* **AIM OF THE TASK**
Print the listing below only from the line that has "Now click on" through the line that has "You can enter", exactly, and drop any picture.

(SOURCE MATERIAL Opens)

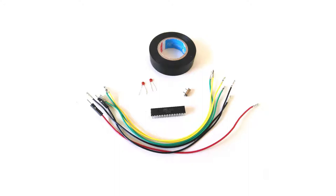You can see a picture here of the components that we are going to use. Right in the middle you see an Atmel Atmega328 microcontroller with 28 pins, the heart of an Arduino.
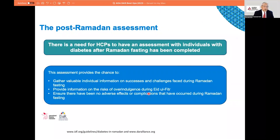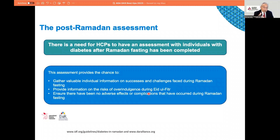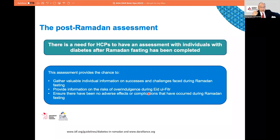Finally, post-Ramadan assessment is really very important. After Ramadan is over, we need to discuss with the person with diabetes how Ramadan went — whether it was smooth or bumpy — and reflect on this for future Ramadan planning. After Ramadan comes the feast, Eid al-Fitr, which is typically three days similar to Easter or Christmas, including food rich with carbohydrates, sugar, and fat. It's important that the person knows what to do and remains careful.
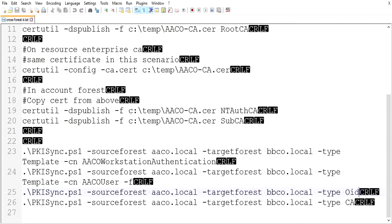The security team requested a couple more certificates. I created those certificate templates in AACo, published them, assigned the permissions, et cetera. Then I used PKI Sync to copy them and the OID information. While the OID information was copying, I saw not two items copied but actually four items copied. And lo and behold, my computer certificate auto-enrolled.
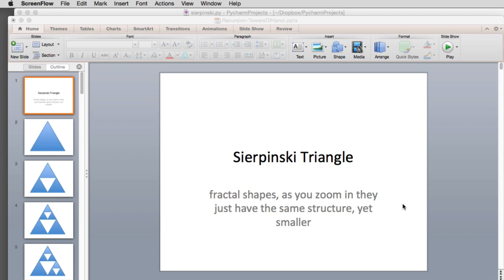Okay, today we're going to cover another drawing recursion example. This is called the Sierpinski triangle and it's actually a fractal shape. If you keep drawing it, the smaller shapes you draw are in microcosm the same as the larger shapes. As you go smaller and smaller, you're still drawing the same shape.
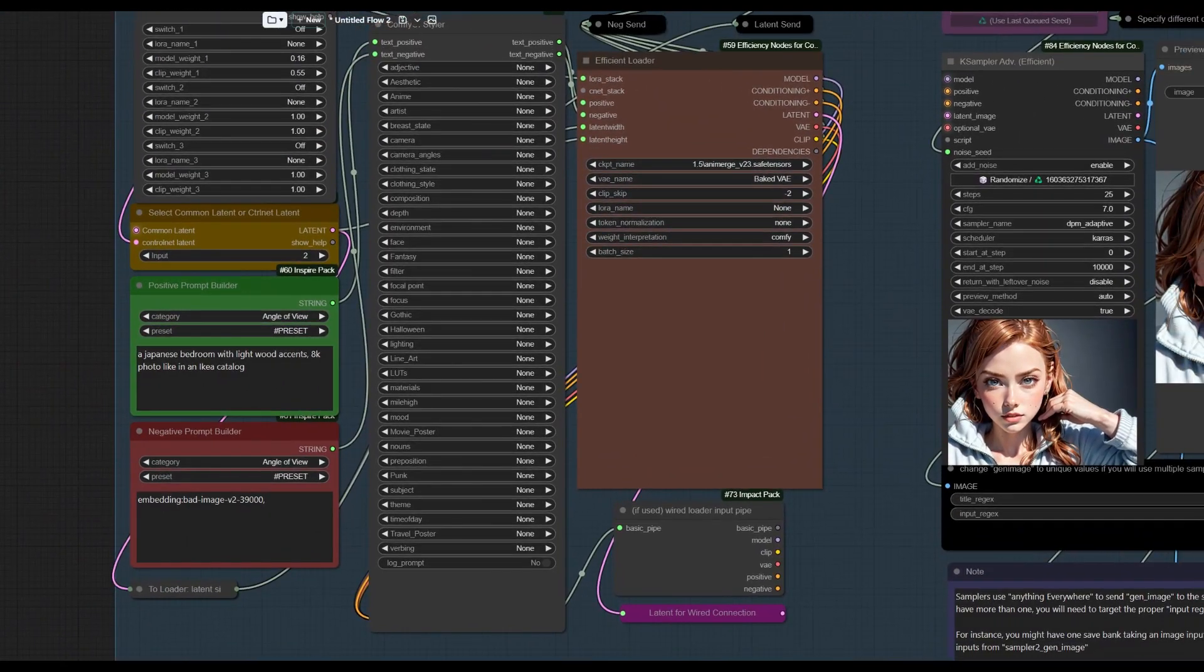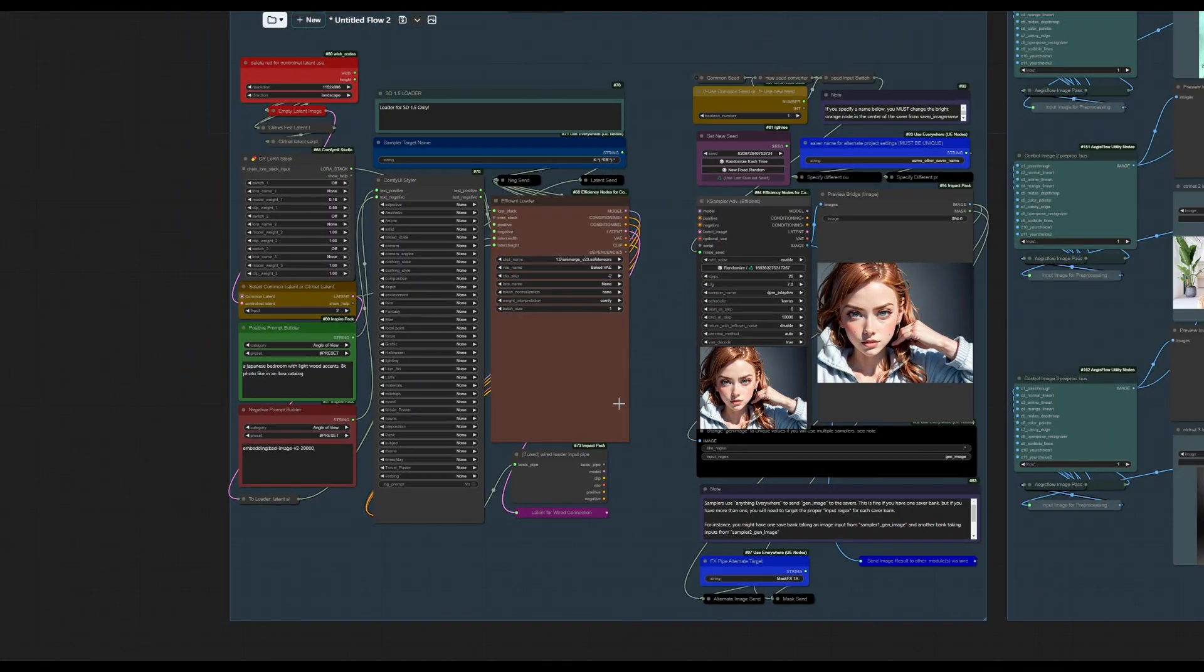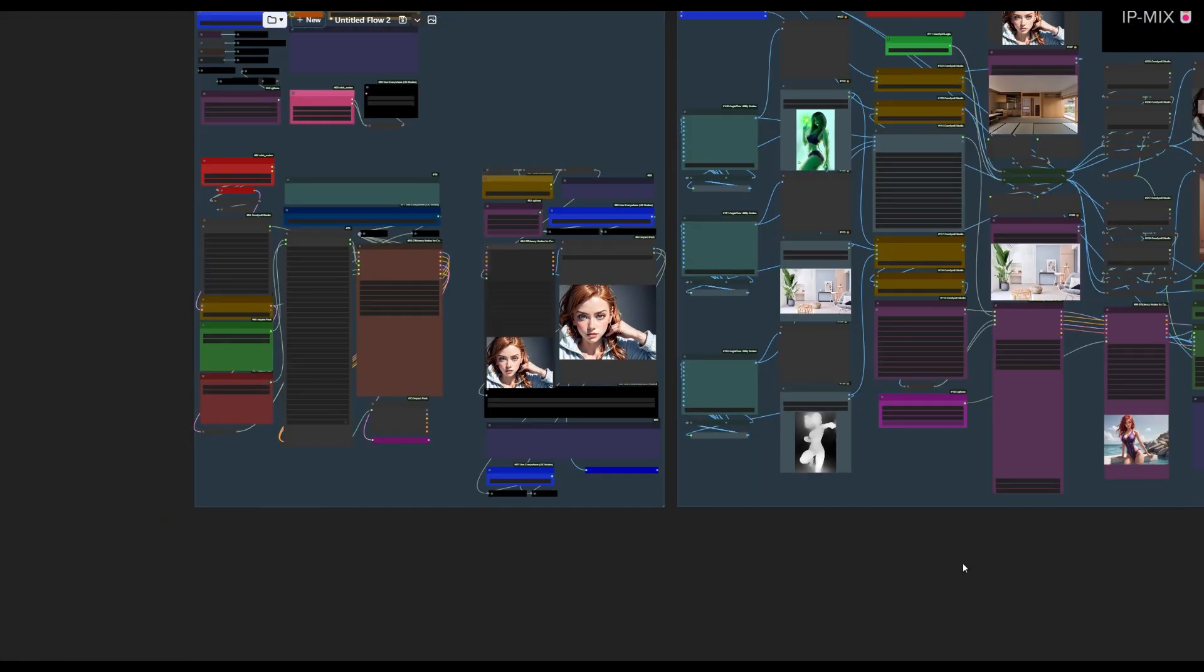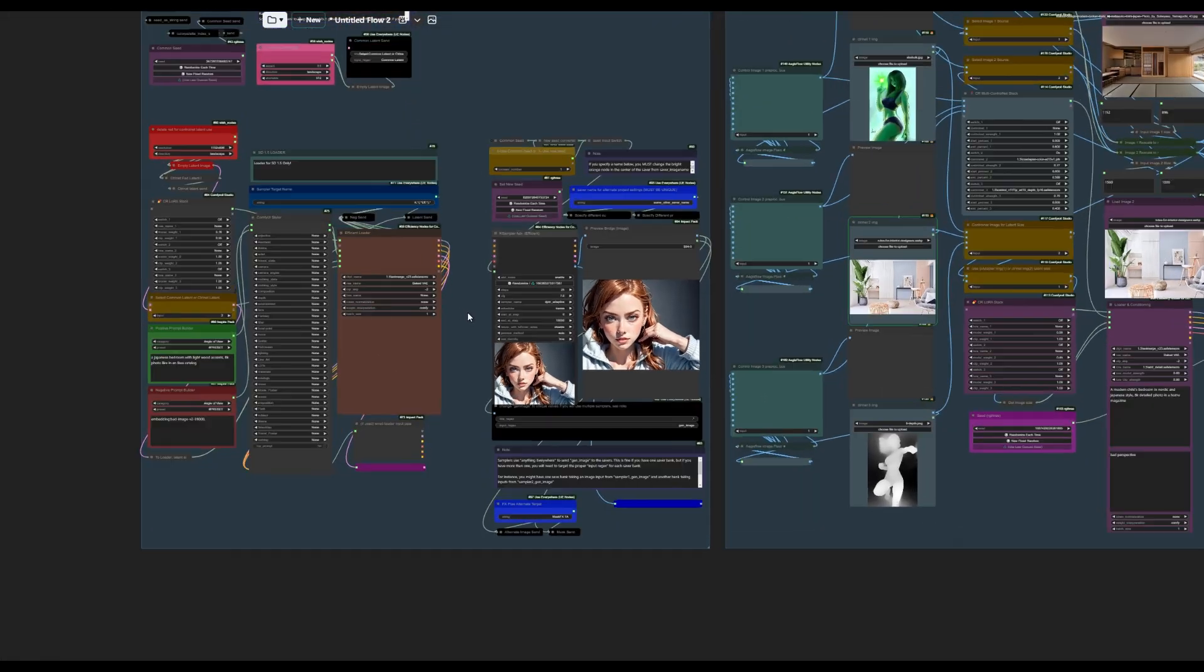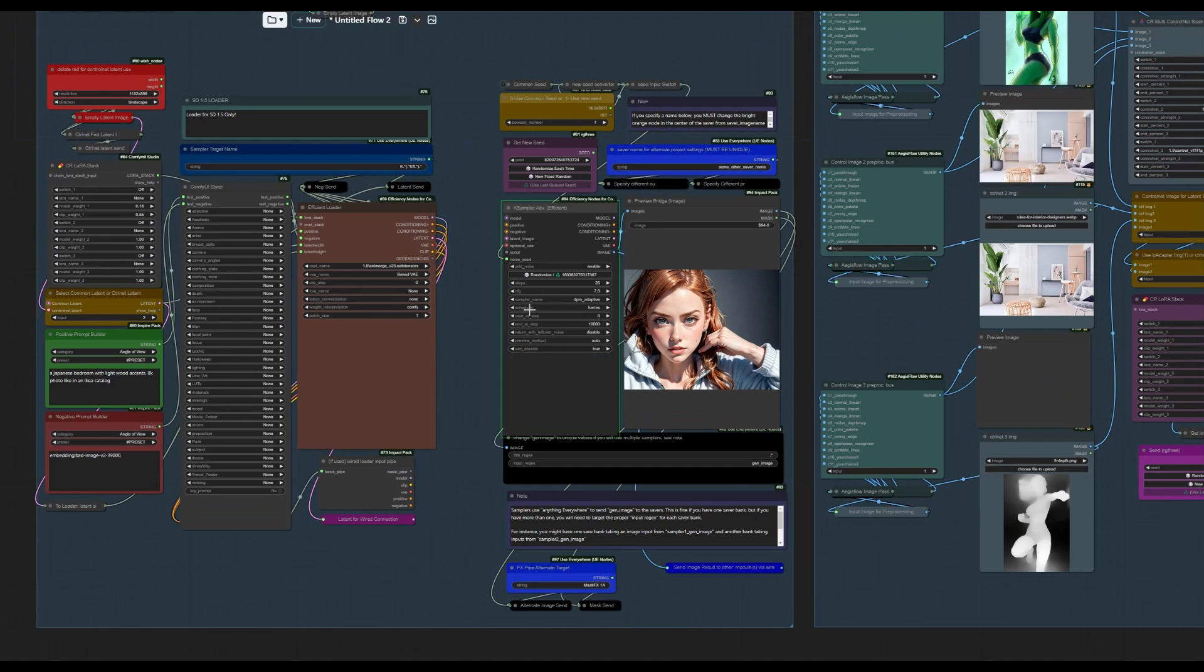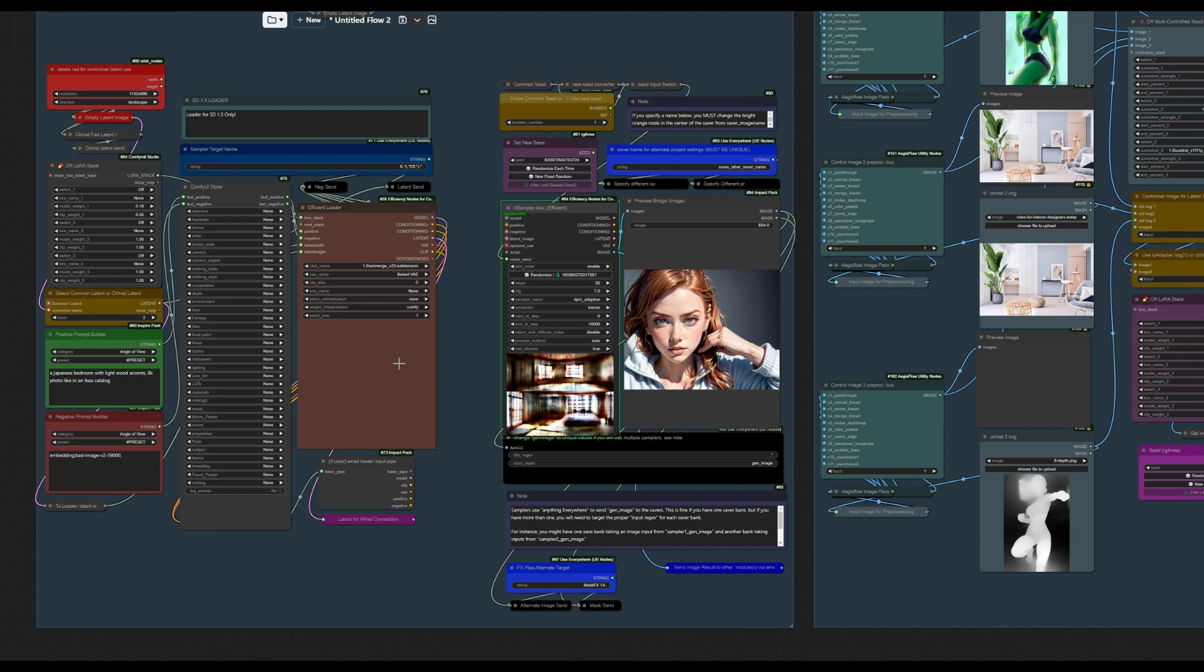In any case, let's look at what our prompts are, because they are obviously not this. Japanese bedroom with light wood accents, 8K photo like an Ikea catalog. So we're going to go ahead and click Queue Prompt here. And it's going to build what is actually a pretty ugly image, but I didn't really try to tweak it much. It's going to give us a double image at this seed. But as you'll see in the end, the end result is pretty good.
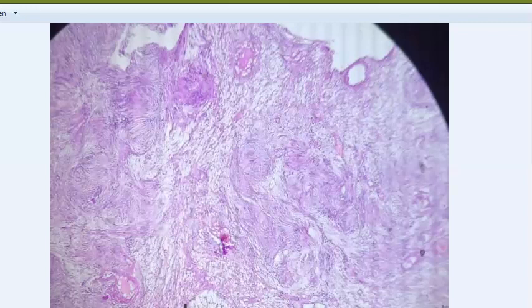Let's meet in the next video to continue the histopathology spotters, as this video is already quite long.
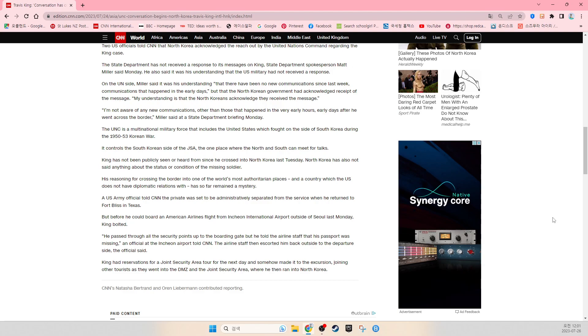CNN's Natasha Bertrand and Oren Lieberman contributed reporting.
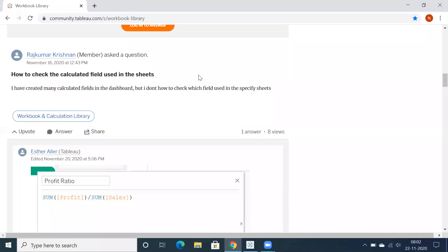Hi, I'm just going to the community where I found this particular question: How to check the calculation field used in the sheets.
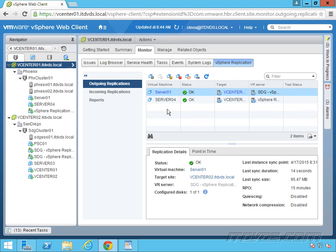Now there's another product VMware has called Site Recovery Manager, and that product isn't the replication technology. It can use vSphere replication as its replication technology, or it can use another third-party replication technology, like something that's built directly into a SAN for replication. What Site Recovery Manager does is it allows us to set up a plan for recovery.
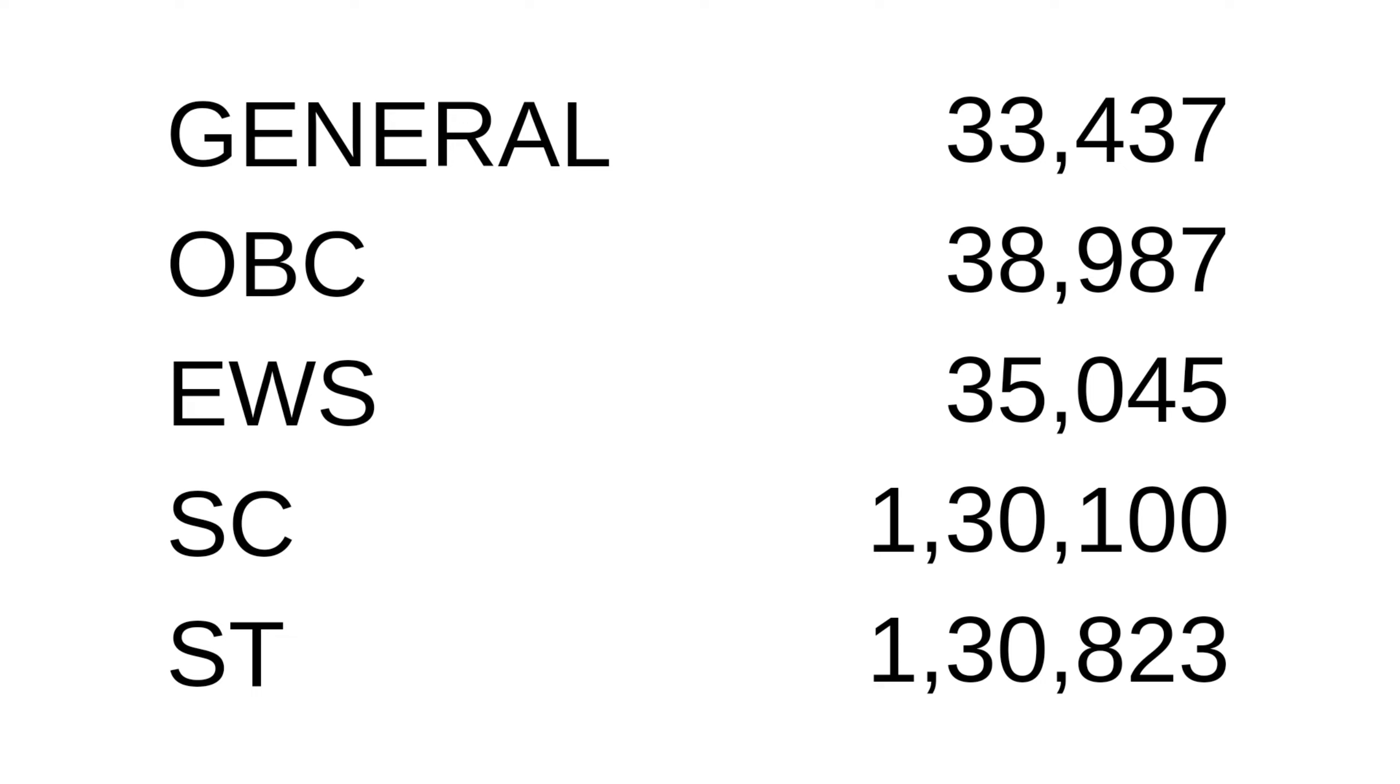First of all, coming to round one. I've analyzed all the rounds and I am showing you the cutoff. For general category, it was 33,437. This is the last rank at which the Bombay Veterinary College was allotted to the general category.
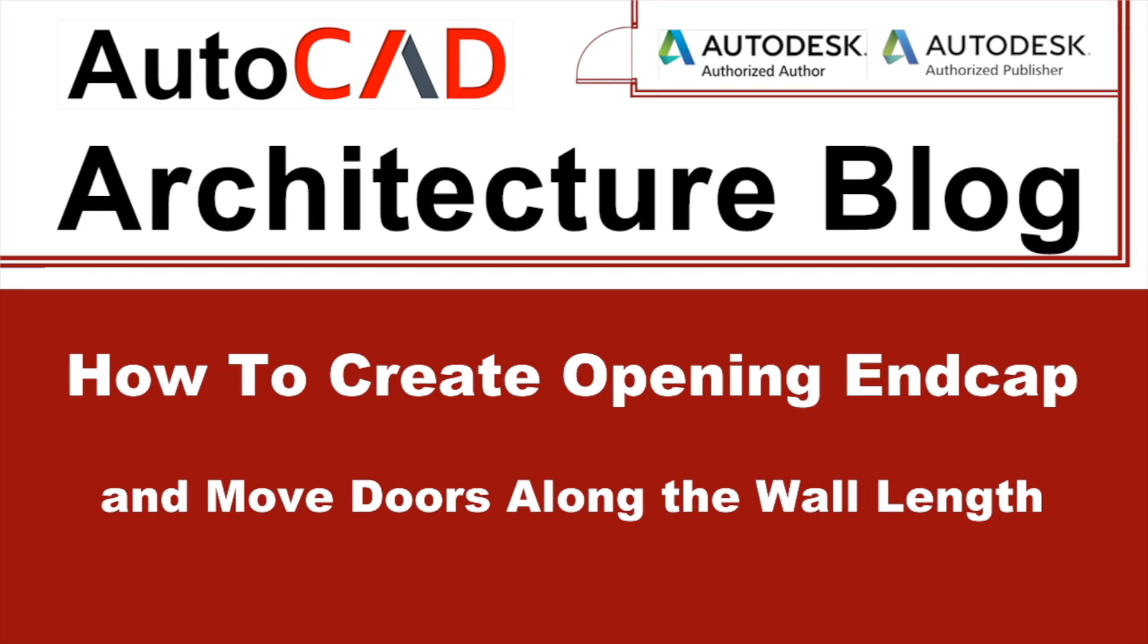Hello, I'm Attila G Horvath. Welcome to the YouTube channel of the AutoCAD Architecture blog.com. In the previous video I presented how to insert doors and reposition within the wall. In this video I'll present how to create opening endcap and move doors along the wall length.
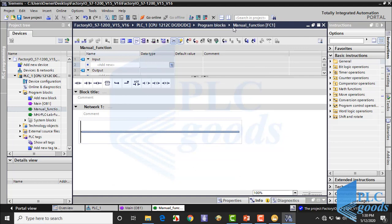Now click on OK to open this function. As you see, here we can write our program like main block. Also this function appears in the left side, in the program blocks folder.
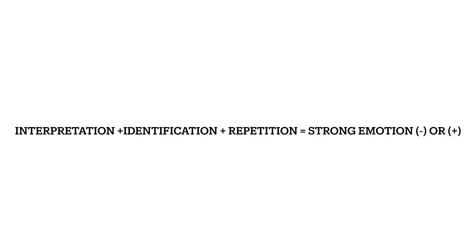Interpretation plus identification plus repetition equals strong emotion. Interpretation is what takes place when we intake information of any sort.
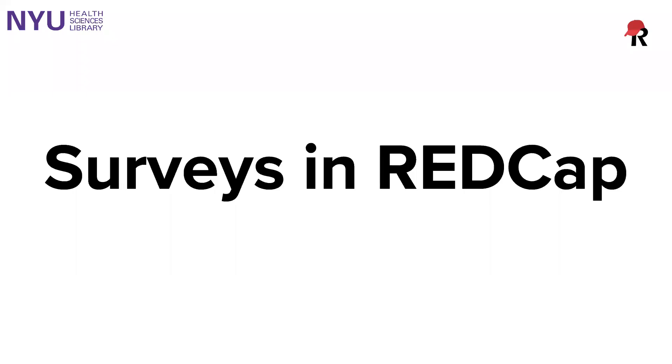Hello, everybody. My name is Genevieve Millican and I'm the Data Services Librarian at the NYU Health Sciences Library.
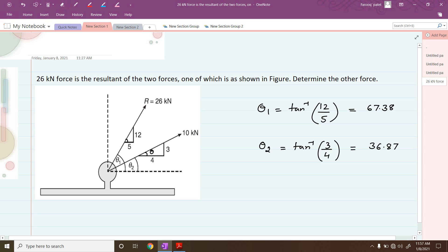Next, let us solve the problem. We will use the condition that the summation of forces in the x-direction has to be equated to the resultant along the x-direction. If you resolve all the forces along x, that has to equal the resultant along x. So we form that equation.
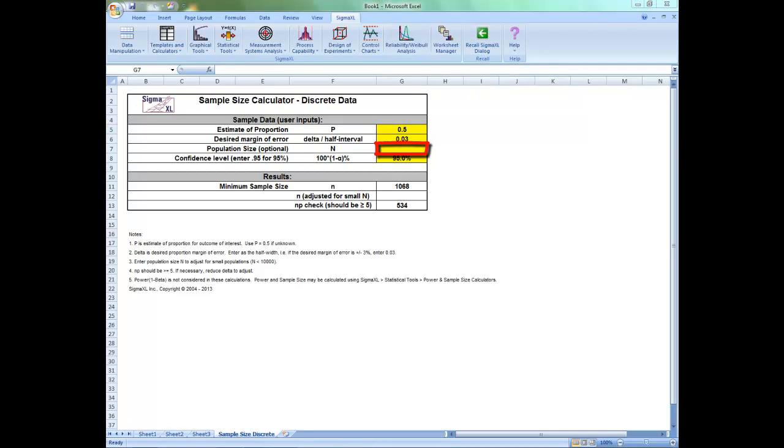You can enter a population size to adjust for small populations, for example a population size of less than 10,000. NP should be greater than or equal to 5. If necessary, reduce the delta to adjust.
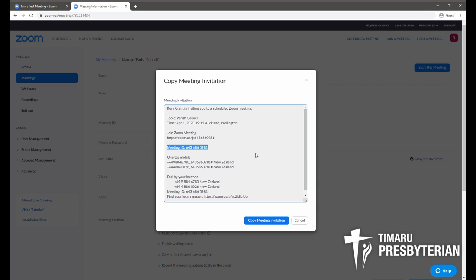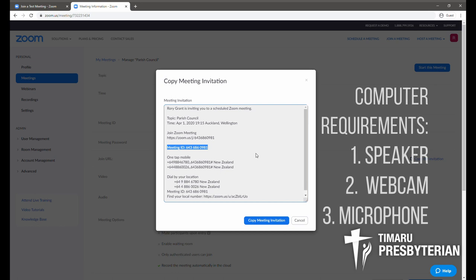If you're joining from a computer then there are three requirements. First of all you'll need a speaker, which is probably built into the monitor of your computer already, and you'll need a webcam and a microphone. If you're on a laptop there'll already be a webcam and a microphone built in, but if you're on a desktop you may need an external webcam which will have its own microphone as well.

(SOURCE MATERIAL Closes)

* **RESPONSE TO THIS EXERCISE**
Now click on OK to open this function. As you see, here we can write our program like main block. Also this function appears in the left side, in the program blocks folder.
Interpretation plus identification plus repetition equals strong emotion. Interpretation is what takes place when we intake information of any sort.
Hello, everybody. My name is Genevieve Millican and I'm the Data Services Librarian at the NYU Health Sciences Library.
Next, let us solve the problem. We will use the condition that the summation of forces in the x-direction has to be equated to the resultant along the x-direction. If you resolve all the forces along x, that has to equal the resultant along x. So we form that equation.
You can enter a population size to adjust for small populations, for example a population size of less than 10,000. NP should be greater than or equal to 5. If necessary, reduce the delta to adjust.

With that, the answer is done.